A coincidental reply in the news today:
https://www.bloomberg.com/news/arti...roadband-via-satellite-backed-by-fcc-chairman

Elon Musk’s SpaceX moved closer to another orbital frontier as regulators advanced its application to launch a low-orbit constellation of satellites and join a jostling field of operators trying to cash in on broadband service from space.

Federal Communications Commission Chairman Ajit Pai on Wednesday recommended the agency approve Space Exploration Technologies Corp.’s application to provide broadband services using satellite technologies in the U.S. and on a global basis. The proposal now goes to Pai’s four fellow commissioners for consideration at the agency which earlier approved three international operators for satellite-broadband operations: OneWeb, Space Norway AS and Telesat Canada.

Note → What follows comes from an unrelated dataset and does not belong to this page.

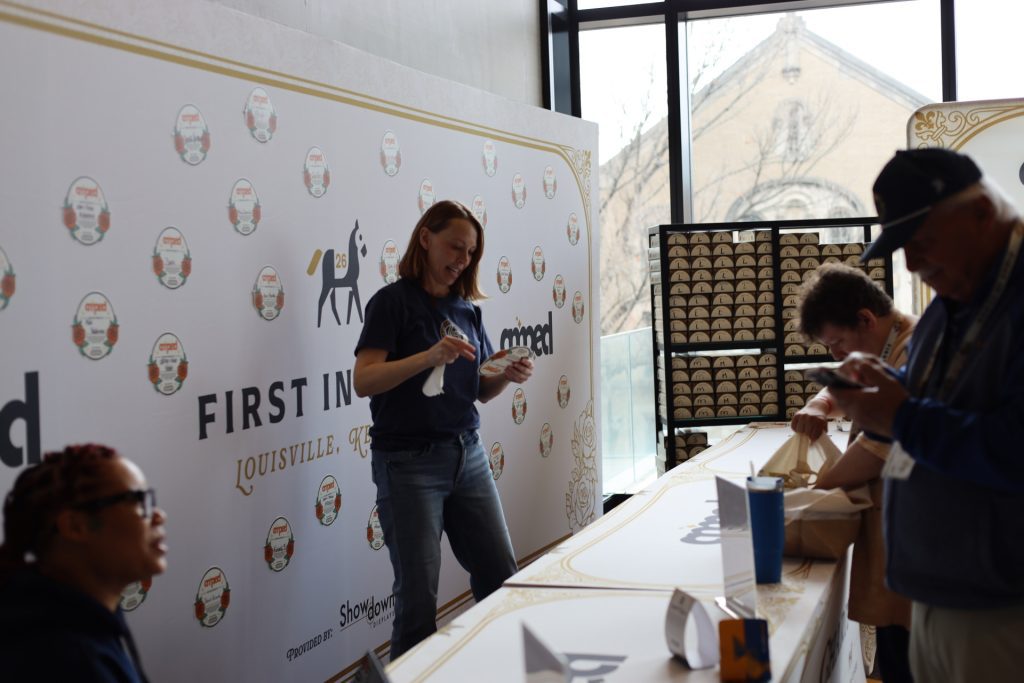 A woman stands behind a sign-in table at the National Sales Conference, smiling and holding papers. Two people in front are signing in, while another sits at the end. An ASB-branded backdrop and boxes are visible in the Louisville, Kentucky venue.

“To bridge America’s digital divide, we’ll have to use innovative technologies,” Pai said in an emailed statement. “Satellite technology can help reach Americans who live in rural or hard-to-serve places where fiber optic cables and cell towers do not reach.”

The FCC’s move comes as U.S. politicians call for improved internet service in rural areas. President Donald Trump’s infrastructure proposal lists broadband, or high-speed internet service, as eligible for funding alongside traditional projects such as roads and bridges. Some Democratic lawmakers have criticized the lack of dedicated broadband funding.

 

Silver420Surfer

Downward spiral
Unfortunately many of those in charge of these decisions still think like 7-10Mb connection speeds are "adequate".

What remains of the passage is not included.